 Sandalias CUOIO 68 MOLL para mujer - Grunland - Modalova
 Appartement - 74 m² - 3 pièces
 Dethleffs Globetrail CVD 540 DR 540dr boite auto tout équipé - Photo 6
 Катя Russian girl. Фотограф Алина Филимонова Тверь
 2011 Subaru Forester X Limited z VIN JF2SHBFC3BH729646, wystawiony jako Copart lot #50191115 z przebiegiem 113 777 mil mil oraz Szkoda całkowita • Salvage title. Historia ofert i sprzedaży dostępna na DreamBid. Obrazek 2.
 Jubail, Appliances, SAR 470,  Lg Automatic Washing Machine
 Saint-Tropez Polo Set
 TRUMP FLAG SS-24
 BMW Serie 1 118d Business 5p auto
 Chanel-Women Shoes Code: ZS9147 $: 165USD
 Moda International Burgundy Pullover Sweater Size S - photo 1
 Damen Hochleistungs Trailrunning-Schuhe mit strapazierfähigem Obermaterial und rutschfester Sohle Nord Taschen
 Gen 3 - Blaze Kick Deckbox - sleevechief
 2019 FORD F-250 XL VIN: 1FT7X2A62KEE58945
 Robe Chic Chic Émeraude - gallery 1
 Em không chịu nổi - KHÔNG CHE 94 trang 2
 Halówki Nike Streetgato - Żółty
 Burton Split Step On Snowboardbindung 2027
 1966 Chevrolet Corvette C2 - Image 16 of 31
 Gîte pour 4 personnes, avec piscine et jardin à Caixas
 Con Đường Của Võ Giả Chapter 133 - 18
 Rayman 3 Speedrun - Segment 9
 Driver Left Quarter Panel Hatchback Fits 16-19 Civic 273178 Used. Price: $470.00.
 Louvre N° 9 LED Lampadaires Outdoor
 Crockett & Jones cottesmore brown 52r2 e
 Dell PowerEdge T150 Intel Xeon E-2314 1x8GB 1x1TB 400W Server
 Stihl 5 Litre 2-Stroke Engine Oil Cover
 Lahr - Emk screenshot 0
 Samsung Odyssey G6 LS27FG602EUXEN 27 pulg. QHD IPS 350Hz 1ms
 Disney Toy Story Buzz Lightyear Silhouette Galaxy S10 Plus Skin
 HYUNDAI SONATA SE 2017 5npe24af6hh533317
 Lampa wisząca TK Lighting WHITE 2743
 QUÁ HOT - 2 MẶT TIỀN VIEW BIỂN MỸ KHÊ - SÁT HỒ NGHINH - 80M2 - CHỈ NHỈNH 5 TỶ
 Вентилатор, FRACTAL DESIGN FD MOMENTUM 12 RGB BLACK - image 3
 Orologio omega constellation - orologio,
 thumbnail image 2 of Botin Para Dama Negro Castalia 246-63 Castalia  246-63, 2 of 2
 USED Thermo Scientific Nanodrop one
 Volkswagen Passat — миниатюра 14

———

## WHAT YOU WILL DO
Could you restate word for word the lines above, from the one that contains "Halówki Nike Streetgato - Żółty" through the one that contains "Lahr - Emk screenshot 0", and no others?

## SOLVED PROBLEM
 Halówki Nike Streetgato - Żółty
 Burton Split Step On Snowboardbindung 2027
 1966 Chevrolet Corvette C2 - Image 16 of 31
 Gîte pour 4 personnes, avec piscine et jardin à Caixas
 Con Đường Của Võ Giả Chapter 133 - 18
 Rayman 3 Speedrun - Segment 9
 Driver Left Quarter Panel Hatchback Fits 16-19 Civic 273178 Used. Price: $470.00.
 Louvre N° 9 LED Lampadaires Outdoor
 Crockett & Jones cottesmore brown 52r2 e
 Dell PowerEdge T150 Intel Xeon E-2314 1x8GB 1x1TB 400W Server
 Stihl 5 Litre 2-Stroke Engine Oil Cover
 Lahr - Emk screenshot 0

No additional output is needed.